Van Brummelen & de Haan: When the Irish economy was still booming, we were asked to produce a new work by Project Arts Centre. The cultural centre is situated in Temple Bar, an area that is promoted by the city as “Dublin’s cultural quarter.” The commission was open, but the Celtic Tiger was mentioned as a possible starting point. As you probably know, the term is derived from the Asian Tigers and indicates the rapid economic growth of Ireland in the decade preceding the current economic crisis. Ireland had used tax breaks and subsidies to attract foreign investment. In a previous piece, Monument of Sugar (2007), we had investigated governmental intervention in the international commodity market.
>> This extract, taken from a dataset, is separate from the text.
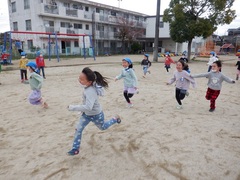 小学校の校庭で遊ぶ幼児の写真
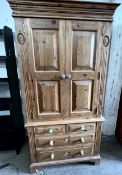 A 20th century pine wardrobe / chest with a moulded dentil cornice above a pair of cupboard doors,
However, we felt uncomfortable submitting to the wider trend that “international artists” contribute to city and nation branding by producing works that have the hosting city or country as their topic. Therefore we let ourselves be distracted by the hybrid: half Celt, half tiger.
The work for Dublin was preceded by a long period of artistic research during which we followed ancient Celtic migration throughout Europe and the spreading of its representations. We learned that the Celts did not write about their culture, but passed it on only orally or indirectly via their aesthetics. They did use a script for their business correspondence, resorting to the imperial languages of Greek and Latin. As artists in an era where writing one’s own press release is a prerequisite, we were intrigued by their reticence regarding the inscription of meaning. And did we not use English as a lingua franca in a similar way?
The research led us to the Pergamon Altar, a monument founded by the Pergamese to celebrate a victory over the Celts, who, on the monument, were represented as Giants. These are hybrids: half human, half animal.
We described how this monument from present-day Turkey became a Berlin highlight, but also in antiquity it was instrumentalized for city branding. To legitimize their leadership and to inscribe the city in the history of great empires, the leaders of Pergamon, who had little Greek blood in them and ruled a people that were largely of Anatolian origin, appropriated Greek habits of commemorating. To give Pergamon a lasting record in the annals of civilization, they made donations to famous Greek temples such as those in Delphi and Delos, which guaranteed the inscription of Pergamon’s name at these sites, and they had an acropolis built with sanctuaries and a parchment (pergamena) library. In accordance with Greek tradition, the Pergamese victory over the Galatians was paralleled to one from Greek mythology: the gigantomachia, dialectic between gods and giants. The myth was sculpted on a frieze of 400 feet surrounding the altar.
Scope: What responsibilities does a museum have toward its collection?
Van Brummelen & de Haan: During our visit to the Pergamon Museum we noticed that the monument’s layered history of displacement and appropriation, which made it so interesting for us as contemporary artists, was completely absent. It seemed as if the history of the artifact had ended when it entered the museum collection. Could we re-appropriate these artifacts once more and reclaim a space for interpretation?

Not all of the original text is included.